Rathbun had considered offers to be a Division I assistant before this year, but never as a head coach. Given his sense of honor from the military, the hardest decision came with an offer to go to West Point as an assistant.
“That was a very difficult one to not make the move, but the reality was that everything was so great at Herkimer,” he said. “It needed to be the perfect thing for me to make that jump and that’s what St. Bonaventure is, it’s the perfect fit for me. That’s the student-athletes that I’m looking for, that St. Bonaventure is the perfect fit for them. It’s not meant for everyone, but it was perfect for me and I’ve got to find the student-athletes that are perfect for it.”
Bona brought that opportunity at just the right time, as he had reached the top of the junior college level. Whether he coaches at Bona for as long as he did at Herkimer, Rathbun doesn’t see the job as a stepping stone.
“I’m not one that’s going to just jump at a job because it’s another job,” he said. “It has to be the perfect fit, and right now, St. Bonaventure (is that).”
Rathbun considers the Atlantic 10 the best Division I baseball conference in New York, rivaling the Big East, and by staying in the state, he can call on existing relationships in recruiting.
“Being familiar with this area, I had sent a few players here that were successful, so I knew the type of student-athlete that this school needed to be successful. I think the guys that I sent here were good,” Rathbun said. “I just felt like I could leave at lunchtime and be back where I grew up for dinner, so it’s not that far away. Just all of those things kind of pointed to this being the spot, and I think for everybody once you step foot on this campus, you feel something good. It just has a feeling to it of calmness, like you’re in the right place.”
Salerno remained on staff as Rathbun’s top assistant, which he called a big help with the transition. Bona has already landed some recruits and made some aggressive plans for future scheduling, including with Louisville in 2024 and Vanderbilt in 2025.
“At some point after 18 years you think to yourself, that’s never going to be a reality.

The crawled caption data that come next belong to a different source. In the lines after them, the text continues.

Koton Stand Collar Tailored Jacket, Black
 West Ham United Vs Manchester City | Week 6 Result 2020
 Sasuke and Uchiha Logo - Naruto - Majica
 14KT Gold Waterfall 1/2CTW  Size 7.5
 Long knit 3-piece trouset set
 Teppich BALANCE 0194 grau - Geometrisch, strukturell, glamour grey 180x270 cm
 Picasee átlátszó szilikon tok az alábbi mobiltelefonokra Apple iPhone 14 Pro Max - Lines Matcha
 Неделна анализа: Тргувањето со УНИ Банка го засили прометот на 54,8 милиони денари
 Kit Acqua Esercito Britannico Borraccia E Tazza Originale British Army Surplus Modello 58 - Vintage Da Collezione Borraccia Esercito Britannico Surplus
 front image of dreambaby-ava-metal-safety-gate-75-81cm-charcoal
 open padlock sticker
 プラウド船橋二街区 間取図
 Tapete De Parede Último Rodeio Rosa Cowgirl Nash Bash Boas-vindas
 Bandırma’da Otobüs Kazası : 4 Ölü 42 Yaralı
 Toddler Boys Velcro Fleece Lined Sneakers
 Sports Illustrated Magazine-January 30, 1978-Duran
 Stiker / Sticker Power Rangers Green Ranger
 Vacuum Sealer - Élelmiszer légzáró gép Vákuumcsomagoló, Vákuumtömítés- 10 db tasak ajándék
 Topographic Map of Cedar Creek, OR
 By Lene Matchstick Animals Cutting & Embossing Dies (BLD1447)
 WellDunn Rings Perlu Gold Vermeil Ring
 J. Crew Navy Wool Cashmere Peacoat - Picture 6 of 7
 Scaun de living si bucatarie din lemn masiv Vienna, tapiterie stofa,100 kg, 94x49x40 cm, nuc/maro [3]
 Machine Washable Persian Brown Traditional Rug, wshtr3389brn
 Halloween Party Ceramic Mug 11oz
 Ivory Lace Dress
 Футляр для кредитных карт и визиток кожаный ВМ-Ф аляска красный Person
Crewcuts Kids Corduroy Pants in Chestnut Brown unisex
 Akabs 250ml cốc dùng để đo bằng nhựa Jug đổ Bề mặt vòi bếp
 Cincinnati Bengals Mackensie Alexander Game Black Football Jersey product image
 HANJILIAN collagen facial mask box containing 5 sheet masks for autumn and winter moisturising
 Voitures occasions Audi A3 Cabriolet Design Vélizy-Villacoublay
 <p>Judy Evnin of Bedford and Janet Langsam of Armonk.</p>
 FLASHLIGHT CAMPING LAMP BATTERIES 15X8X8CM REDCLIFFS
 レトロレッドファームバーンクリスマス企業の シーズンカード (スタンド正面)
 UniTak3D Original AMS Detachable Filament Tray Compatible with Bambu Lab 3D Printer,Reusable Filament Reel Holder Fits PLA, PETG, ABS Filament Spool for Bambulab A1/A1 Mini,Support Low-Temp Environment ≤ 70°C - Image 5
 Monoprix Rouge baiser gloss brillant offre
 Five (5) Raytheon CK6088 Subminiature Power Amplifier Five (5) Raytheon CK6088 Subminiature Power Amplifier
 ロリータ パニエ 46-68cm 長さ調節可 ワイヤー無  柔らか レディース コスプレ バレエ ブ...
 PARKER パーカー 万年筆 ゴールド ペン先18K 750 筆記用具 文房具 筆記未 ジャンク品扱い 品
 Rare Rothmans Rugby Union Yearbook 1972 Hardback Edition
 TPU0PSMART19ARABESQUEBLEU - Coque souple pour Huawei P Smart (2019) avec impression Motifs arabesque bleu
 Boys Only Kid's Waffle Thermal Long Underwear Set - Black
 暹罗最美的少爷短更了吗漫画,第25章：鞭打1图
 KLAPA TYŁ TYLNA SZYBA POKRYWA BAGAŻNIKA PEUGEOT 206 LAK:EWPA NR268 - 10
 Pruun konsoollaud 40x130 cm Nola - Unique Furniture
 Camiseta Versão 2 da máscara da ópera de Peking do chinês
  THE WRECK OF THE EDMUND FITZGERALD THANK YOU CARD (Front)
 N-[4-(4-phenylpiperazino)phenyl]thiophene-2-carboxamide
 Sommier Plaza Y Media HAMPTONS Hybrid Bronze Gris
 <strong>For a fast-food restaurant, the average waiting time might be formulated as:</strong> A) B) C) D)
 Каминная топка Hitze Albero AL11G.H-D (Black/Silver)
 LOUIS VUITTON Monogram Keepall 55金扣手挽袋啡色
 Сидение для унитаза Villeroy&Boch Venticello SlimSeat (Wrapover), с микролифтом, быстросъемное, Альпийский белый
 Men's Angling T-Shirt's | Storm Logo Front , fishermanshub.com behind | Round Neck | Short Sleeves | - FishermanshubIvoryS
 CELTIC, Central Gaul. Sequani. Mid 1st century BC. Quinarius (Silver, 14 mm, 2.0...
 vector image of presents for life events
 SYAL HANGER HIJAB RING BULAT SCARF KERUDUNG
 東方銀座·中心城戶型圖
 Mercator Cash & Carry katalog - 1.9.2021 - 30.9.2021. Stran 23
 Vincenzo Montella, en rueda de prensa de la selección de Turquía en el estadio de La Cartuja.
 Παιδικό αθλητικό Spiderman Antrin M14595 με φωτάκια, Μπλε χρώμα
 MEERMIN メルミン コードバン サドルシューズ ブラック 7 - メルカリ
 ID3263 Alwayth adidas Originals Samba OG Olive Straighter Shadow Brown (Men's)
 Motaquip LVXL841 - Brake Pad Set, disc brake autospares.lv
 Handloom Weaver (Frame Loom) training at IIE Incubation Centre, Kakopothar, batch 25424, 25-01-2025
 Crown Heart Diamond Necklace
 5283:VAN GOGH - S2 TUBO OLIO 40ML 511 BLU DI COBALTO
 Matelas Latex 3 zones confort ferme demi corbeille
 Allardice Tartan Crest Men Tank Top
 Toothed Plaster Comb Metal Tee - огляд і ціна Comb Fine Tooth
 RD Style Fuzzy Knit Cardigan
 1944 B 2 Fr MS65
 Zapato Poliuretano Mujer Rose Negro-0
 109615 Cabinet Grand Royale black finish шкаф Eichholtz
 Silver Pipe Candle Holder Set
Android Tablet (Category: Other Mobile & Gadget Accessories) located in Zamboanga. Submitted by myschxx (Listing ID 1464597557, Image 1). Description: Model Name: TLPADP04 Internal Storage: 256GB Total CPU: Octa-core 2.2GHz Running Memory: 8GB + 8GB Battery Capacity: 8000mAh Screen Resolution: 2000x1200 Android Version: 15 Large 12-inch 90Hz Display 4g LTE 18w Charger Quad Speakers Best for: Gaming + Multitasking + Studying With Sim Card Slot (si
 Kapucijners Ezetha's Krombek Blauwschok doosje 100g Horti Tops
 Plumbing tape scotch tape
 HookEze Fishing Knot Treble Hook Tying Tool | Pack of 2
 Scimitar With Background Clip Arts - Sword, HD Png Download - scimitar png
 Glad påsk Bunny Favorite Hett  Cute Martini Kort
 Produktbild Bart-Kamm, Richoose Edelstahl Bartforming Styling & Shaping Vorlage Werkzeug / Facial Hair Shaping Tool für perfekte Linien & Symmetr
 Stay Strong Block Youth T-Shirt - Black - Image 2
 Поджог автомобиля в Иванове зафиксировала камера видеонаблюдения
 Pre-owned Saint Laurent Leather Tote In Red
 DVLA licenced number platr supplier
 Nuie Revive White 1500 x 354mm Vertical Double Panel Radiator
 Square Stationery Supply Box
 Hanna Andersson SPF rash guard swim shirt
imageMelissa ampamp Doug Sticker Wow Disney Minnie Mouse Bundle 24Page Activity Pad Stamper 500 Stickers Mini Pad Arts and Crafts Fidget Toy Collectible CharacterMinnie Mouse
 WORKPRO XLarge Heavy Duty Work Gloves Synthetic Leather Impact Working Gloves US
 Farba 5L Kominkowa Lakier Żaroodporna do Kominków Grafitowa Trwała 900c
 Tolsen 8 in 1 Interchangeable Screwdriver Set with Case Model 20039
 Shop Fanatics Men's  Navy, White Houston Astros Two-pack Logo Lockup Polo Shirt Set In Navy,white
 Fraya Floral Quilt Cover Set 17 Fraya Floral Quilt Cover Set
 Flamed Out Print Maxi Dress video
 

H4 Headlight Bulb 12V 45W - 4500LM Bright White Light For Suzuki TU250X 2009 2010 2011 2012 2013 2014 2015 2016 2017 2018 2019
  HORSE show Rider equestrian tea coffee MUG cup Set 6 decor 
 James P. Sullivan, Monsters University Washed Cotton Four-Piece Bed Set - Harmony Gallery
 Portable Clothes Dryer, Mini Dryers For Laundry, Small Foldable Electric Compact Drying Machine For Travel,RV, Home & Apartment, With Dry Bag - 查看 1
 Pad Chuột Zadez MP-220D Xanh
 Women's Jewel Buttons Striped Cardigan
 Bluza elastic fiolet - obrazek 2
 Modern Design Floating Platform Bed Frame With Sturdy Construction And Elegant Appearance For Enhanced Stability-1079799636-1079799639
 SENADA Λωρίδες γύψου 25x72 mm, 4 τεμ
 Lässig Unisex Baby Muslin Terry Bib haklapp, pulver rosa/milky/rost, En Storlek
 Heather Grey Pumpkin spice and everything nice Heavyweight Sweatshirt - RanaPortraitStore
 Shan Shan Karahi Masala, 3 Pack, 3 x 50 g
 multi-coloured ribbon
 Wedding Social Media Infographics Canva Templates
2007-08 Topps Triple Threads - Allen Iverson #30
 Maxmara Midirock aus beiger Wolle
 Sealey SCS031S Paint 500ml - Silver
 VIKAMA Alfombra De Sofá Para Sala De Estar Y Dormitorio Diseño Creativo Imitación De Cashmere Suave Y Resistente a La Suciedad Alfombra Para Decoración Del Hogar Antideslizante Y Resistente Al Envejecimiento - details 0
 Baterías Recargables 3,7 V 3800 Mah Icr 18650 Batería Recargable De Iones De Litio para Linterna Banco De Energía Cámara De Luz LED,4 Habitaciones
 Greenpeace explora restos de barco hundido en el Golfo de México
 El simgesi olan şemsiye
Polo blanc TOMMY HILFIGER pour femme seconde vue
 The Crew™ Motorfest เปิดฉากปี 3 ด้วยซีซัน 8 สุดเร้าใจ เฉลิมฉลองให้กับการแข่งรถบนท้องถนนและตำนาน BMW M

I’m getting older, I’m never going to get this opportunity to be a Division I coach,” Rathbun said. “Then when it’s here, it’s like wow, I’m living it. But I feel like we’re having success. The team’s getting better, we’re getting recruits, everything’s coming together early in this process.”
Rathbun said he’s had the support of the Bona athletic department and new AD Joe Manhertz, who he called “an amazing athletic director, (who) has vision and works just as hard as we do as coaches,” along with his direct supervisor, Steve Campbell.
“It’s great to have great support to allow me to do these things and to start building,” Rathbun said. “It’s great to have B.J. here, somebody who’s been in the program for so long, to help me with this transition. Our relationship is growing stronger every day. I have not had that moment yet where I’m say, man, I miss Herkimer. I’m really happy every day coming to work here.”